Caption-style text data
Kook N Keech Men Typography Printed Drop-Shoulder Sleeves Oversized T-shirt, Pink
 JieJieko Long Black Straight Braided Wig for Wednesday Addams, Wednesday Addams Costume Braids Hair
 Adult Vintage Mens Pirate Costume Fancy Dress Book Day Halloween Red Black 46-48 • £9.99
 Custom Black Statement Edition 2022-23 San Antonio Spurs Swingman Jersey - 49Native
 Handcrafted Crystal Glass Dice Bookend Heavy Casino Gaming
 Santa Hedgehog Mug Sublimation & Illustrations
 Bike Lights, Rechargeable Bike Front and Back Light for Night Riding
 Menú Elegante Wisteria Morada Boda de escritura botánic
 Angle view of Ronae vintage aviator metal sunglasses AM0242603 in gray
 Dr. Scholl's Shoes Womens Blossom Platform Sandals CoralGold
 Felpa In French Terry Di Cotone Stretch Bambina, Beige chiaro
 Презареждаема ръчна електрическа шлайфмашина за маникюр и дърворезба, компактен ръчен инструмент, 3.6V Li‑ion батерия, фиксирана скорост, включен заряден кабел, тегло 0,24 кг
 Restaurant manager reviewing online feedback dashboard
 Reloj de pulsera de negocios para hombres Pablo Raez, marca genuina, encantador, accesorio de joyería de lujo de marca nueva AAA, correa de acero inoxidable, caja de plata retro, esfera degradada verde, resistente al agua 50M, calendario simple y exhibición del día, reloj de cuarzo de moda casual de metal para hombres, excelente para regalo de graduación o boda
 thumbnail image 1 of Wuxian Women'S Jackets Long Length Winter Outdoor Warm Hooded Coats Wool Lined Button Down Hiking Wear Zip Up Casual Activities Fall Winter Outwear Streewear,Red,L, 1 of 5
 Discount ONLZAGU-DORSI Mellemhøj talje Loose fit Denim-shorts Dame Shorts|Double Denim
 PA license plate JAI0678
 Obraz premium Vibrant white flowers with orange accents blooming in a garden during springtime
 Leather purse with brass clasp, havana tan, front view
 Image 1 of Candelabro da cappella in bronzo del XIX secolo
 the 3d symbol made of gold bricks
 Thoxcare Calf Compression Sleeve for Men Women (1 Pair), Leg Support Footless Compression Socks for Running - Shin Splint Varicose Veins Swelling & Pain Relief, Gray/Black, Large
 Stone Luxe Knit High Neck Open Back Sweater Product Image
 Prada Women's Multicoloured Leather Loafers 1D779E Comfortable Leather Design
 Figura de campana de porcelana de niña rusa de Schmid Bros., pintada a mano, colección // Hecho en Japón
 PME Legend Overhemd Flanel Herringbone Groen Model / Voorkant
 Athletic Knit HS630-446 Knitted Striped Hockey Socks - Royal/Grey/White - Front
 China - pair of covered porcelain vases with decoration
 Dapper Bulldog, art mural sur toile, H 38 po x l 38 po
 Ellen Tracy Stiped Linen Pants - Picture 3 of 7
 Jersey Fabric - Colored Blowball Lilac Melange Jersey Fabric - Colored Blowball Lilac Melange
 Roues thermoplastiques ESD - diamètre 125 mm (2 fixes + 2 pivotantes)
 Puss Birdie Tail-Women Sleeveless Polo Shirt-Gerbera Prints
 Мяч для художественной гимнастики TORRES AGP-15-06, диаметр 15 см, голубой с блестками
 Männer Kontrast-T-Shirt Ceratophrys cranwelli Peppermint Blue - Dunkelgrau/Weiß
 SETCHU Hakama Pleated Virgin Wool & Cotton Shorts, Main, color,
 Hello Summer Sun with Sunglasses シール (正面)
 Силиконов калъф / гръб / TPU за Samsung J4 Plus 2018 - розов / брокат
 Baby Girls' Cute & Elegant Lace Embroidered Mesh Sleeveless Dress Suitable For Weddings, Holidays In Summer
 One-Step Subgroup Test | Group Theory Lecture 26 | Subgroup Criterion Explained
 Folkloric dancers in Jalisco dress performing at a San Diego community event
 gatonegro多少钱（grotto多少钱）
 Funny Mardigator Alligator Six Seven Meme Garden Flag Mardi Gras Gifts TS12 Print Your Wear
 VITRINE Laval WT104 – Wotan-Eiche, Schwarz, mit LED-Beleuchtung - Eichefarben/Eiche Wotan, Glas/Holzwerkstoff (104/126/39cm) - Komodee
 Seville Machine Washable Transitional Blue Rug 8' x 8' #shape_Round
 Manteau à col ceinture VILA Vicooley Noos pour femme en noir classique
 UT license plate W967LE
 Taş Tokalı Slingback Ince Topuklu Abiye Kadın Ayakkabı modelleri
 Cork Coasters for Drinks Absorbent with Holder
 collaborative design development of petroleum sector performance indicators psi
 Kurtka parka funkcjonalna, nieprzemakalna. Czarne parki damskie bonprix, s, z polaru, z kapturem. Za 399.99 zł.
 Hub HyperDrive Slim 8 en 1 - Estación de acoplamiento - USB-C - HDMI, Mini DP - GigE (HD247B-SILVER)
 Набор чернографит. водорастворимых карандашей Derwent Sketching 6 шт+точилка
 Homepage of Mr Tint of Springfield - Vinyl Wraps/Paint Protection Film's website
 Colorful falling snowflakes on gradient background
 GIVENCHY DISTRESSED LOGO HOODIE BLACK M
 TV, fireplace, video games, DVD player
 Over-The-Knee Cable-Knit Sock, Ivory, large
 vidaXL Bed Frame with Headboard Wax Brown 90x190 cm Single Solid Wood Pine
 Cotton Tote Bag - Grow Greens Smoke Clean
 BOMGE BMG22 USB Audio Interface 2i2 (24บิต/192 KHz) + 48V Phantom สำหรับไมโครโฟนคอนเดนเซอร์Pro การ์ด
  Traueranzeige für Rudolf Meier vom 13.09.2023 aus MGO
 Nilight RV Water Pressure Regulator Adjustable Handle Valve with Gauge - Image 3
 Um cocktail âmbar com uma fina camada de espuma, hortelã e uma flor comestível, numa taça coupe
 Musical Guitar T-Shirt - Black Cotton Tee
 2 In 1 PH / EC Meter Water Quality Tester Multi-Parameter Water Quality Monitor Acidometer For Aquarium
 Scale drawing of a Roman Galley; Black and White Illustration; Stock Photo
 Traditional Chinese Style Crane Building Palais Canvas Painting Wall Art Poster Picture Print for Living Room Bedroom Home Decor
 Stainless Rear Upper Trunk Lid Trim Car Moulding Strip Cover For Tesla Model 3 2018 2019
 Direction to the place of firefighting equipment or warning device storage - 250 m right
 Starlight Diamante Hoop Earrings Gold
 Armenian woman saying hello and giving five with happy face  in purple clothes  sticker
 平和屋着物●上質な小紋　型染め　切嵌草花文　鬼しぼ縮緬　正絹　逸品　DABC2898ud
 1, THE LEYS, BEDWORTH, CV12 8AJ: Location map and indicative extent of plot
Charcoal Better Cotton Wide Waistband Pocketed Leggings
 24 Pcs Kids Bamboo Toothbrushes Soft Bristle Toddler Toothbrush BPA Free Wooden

*WHAT THE TASK REQUIRES*
Having output the line that contains "Adult Vintage Mens", stop. Every line before it, back to the first line of the data, must be reproduced exactly.

*TASK OUTPUT*
Kook N Keech Men Typography Printed Drop-Shoulder Sleeves Oversized T-shirt, Pink
 JieJieko Long Black Straight Braided Wig for Wednesday Addams, Wednesday Addams Costume Braids Hair
 Adult Vintage Mens Pirate Costume Fancy Dress Book Day Halloween Red Black 46-48 • £9.99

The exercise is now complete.